Tournament information
- Location: Rickmansworth, Hertfordshire, England
- Established: 1961
- Course(s): Moor Park Golf Club
- Month played: July/August
- Final year: 1967

Final champion
- Kel Nagle and Peter Thomson (tie)

= Esso Golden Tournament =

The Esso Golden Tournament was a golf tournament on the British PGA circuit from 1961 to 1967. It was played in a round-robin format at the Moor Park Golf Club in Rickmansworth, Hertfordshire, England. The event was sponsored by Esso, and was cancelled in 1968 when they terminated their sponsorship following disagreements with the PGA.

There were 15 competitors in each tournament who played each of the other 14 in an 18-hole match play contest. Most matches were played as a three-ball with three players playing a match against one another, each player playing two distinct matches. Some matches were played as ordinary singles match play. Two points were awarded for each match won while halved matches earned one point.

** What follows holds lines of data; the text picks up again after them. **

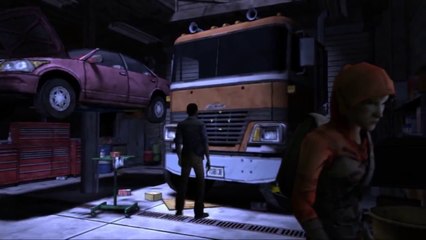 Walkthrough The Walking Dead  - Around Every Corner - Part 5 -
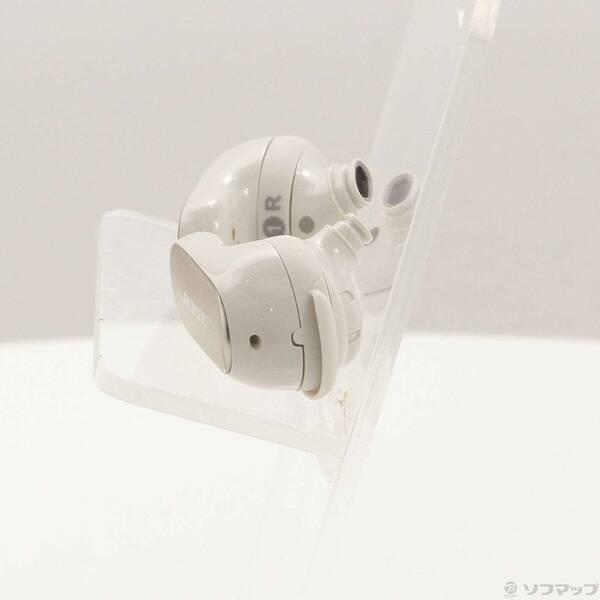 〔中古〕BOSE(ボーズ) Bose QuietComfort Ultra Earbuds ホワイトスモーク〔377-ud〕 |  | 01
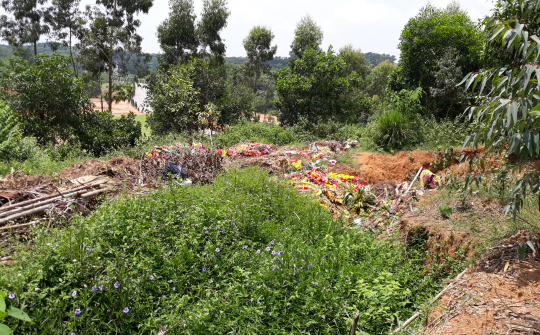 Công viên Thiên Đức Vĩnh Hằng – Phú Thọ (Bài 2): Hỏa táng người chết...người sống khiếp đảm vì mùi tanh, hôi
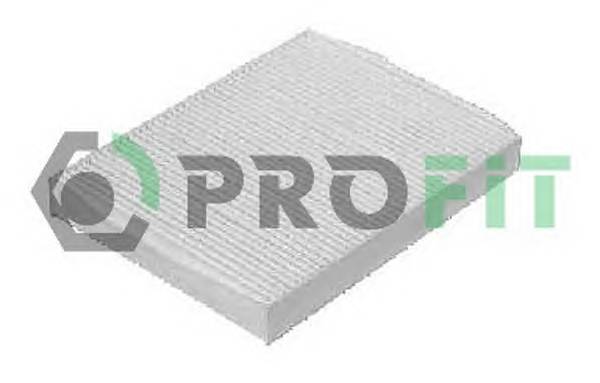 PROFIT 1521-2170 Фільтр салону PROFIT 1521-2170 Фільтр салону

Prize money for each tournament was £5,700. Players received £20 for each point won, a total of £4,200 for the 210 matches. In addition, the first four in the final table received prize money of £750, £400, £250 and £100.

A similar round-robin tournament, the Penfold Professional Golf League, was played in 1938 and 1939, while the Goodall Palm Beach Round Robin, was played on the PGA Tour from 1938 to 1957. Round-robin tournaments became popular at this time with the Royal Gold Tournament contested in 1962 and Hennessy Round-robin Tournament being played in 1964.

==Winners==

| Year | Winner | Country | Score | Margin of victory | Runner(s)-up | Winner's share (£) | Ref |
|---|---|---|---|---|---|---|---|
| 1961 | Dave Thomas Peter Thomson | Wales Australia | 21 | Tie |  | 995 (each) |  |
| 1962 | Dave Thomas | Wales | 19 | 1 point | ENG Jimmy Hitchcock AUS Kel Nagle AUS Peter Thomson | 1,130 |  |
| 1963 | Kel Nagle | Australia | 23 | 2 points | ENG Bernard Hunt AUS Peter Thomson ENG Harry Weetman | 1,210 |  |
| 1964 | Peter Alliss | England | 25 | 7 points | IRL Christy O'Connor Snr WAL Dave Thomas | 1,250 |  |
| 1965 | George Will | Scotland | 24 | 4 points | WAL Dave Thomas | 1,230 |  |
| 1966 | Dave Thomas | Wales | 23 | 2 points | ENG Neil Coles | 1,210 |  |
| 1967 | Kel Nagle Peter Thomson | Australia Australia | 20 | Tie |  | 975 (each) |  |
| 1968 | Tournament cancelled |  |  |  |  |  |  |

The winner's share includes £20 won for each point.